Aan de Voorzitter van de Tweede Kamer der Staten-Generaal
Den Haag, 1 september 2015
Jaarlijks wordt uw kamer geïnformeerd over mijn oordeel over het functioneren van
de Nederlandse Zorgautoriteit (NZa).
Op 2 april 2015 heeft u de Kabinetsreactie1 ontvangen op het rapport van de onderzoekscommissie Borstlap naar het intern functioneren
van de NZa en de vijfjaarlijkse evaluatie van de Wmg en de NZa, uitgevoerd door adviesbureau
Andersson Elffers Felix (AEF). In deze kabinetsreactie ben ik ingegaan op de conclusies
en aanbevelingen van de commissie Borstlap en AEF en daarin is de beoordeling van
het functioneren van de NZa in 2013 integraal meegenomen2.
Ook heeft de NZa naar aanleiding van de aanbevelingen verbeterplannen rondom HRM,
informatievoorziening en beveiliging en integriteit opgesteld. Zoals eerder aangegeven
bieden deze verbeterplannen de nieuwe raad van bestuur een basis voor een integraal
en goed beleid op deze gebieden.
De evaluatie betreft ook het grootste deel van 2014. Het oordeel over 2014 kon echter
nog niet meegenomen worden in de Kabinetsreactie, omdat ik op dat moment nog niet
mijn goedkeuring over de jaarrekening 2014 van de NZa had gegeven. Ik heb inmiddels
deze goedkeuring naar de NZa verzonden.
Ik heb aangegeven dat de jaarlijkse beoordeling een ander karakter zal krijgen door
versterking van de P & C cyclus en de uitbreiding van het jaarverslag door de NZa.
Dit naar aanleiding van de conclusies van zowel AEF en de commissie Borstlap dat de
huidige manier van beoordelen te beperkt is.
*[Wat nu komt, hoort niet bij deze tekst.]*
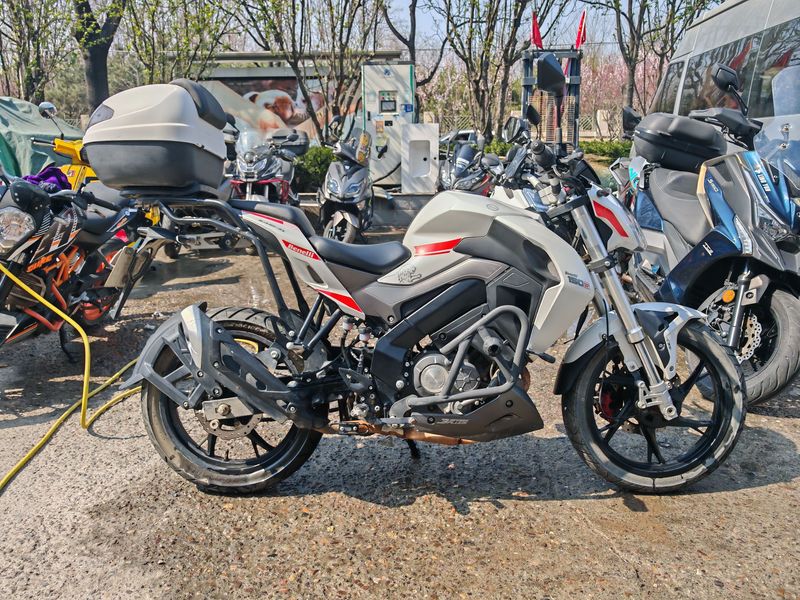 二手贝纳利小迅龙 BN150S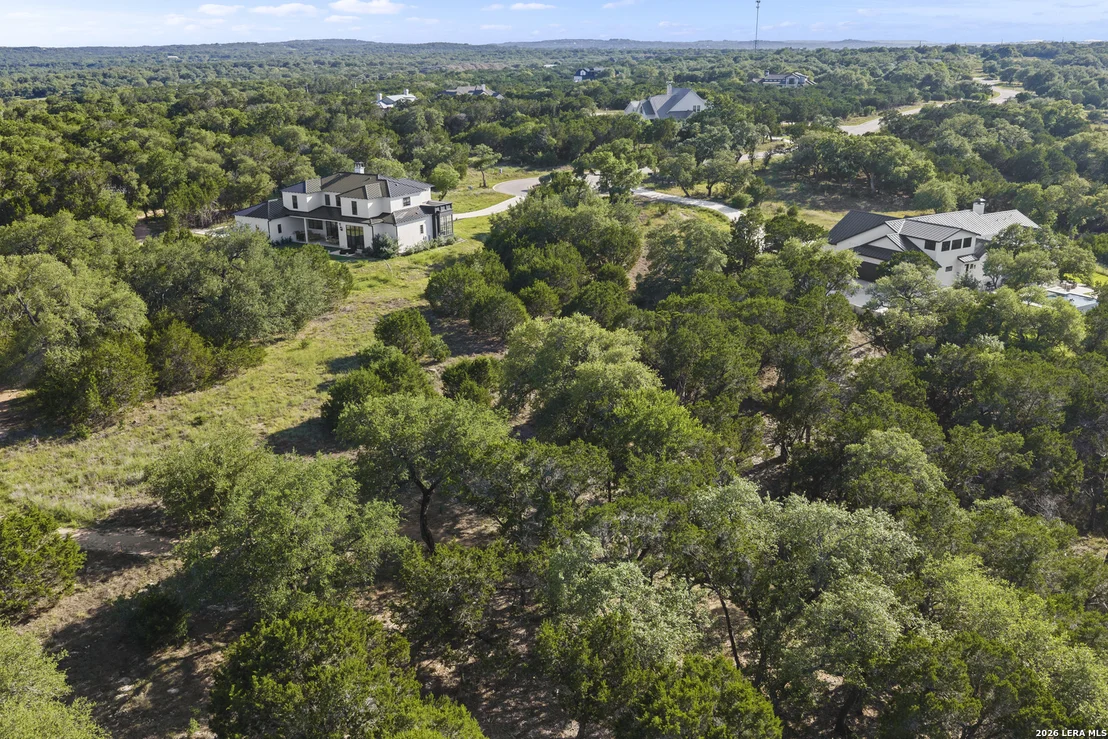 Photo of 9 Ledgestone Trl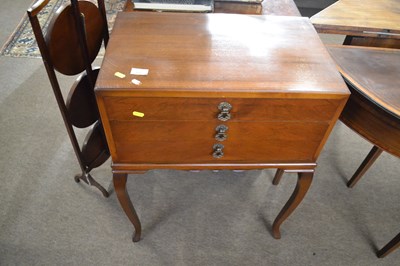 Lot 593 - A 20th Century mahogany cutlery canteen...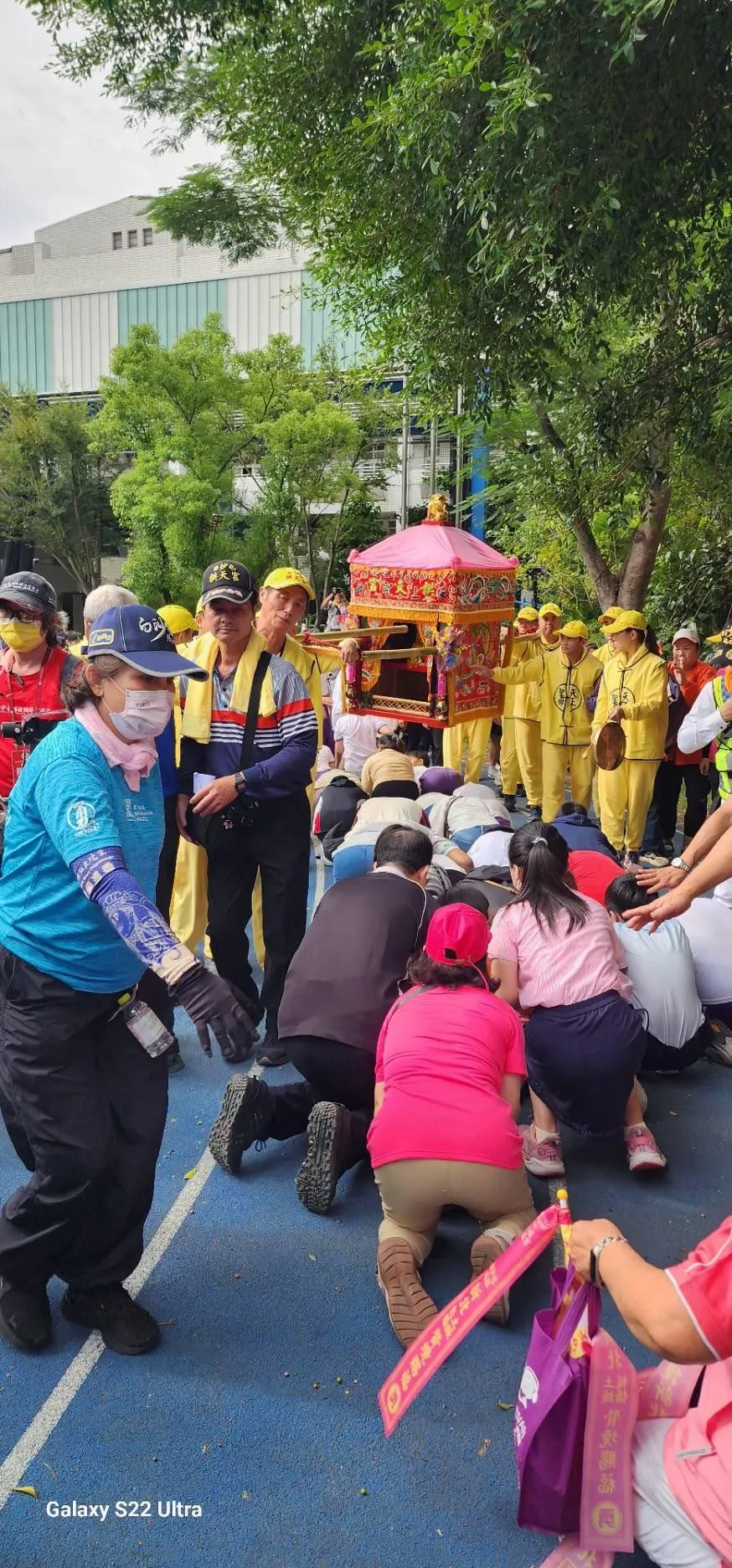 全校師生與家長依序排隊鑽轎底接受媽祖祝福。（圖／翻攝自白沙屯媽祖臉書）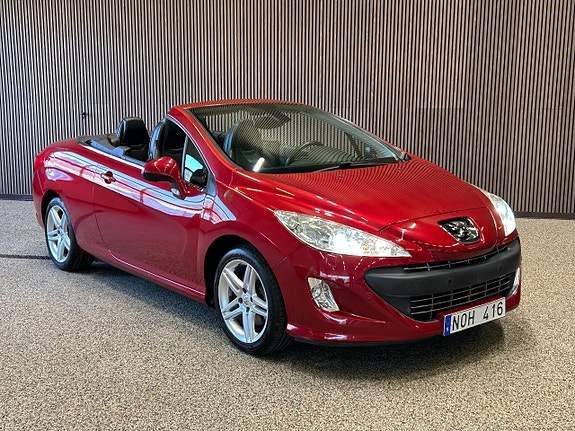 Peugeot 308 2 of 5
Dit zal met ingang van de beoordeling
over 2016 gebeuren, zodat de NZa de mogelijkheid heeft om de verantwoordingdocumenten
waarop de beoordeling wordt gebaseerd aan te passen aan het nieuwe karakter van de
beoordeling.
Over 2014 zal ik tegen de achtergrond van bovenstaande geen apart oordeel over het
functioneren van de NZa aan uw Kamer zenden. Dit zou naar mijn mening een herhaling
van zetten zijn en van onvoldoende toegevoegde waarde op de eerdere communicatie
met uw kamer over het functioneren van de NZa.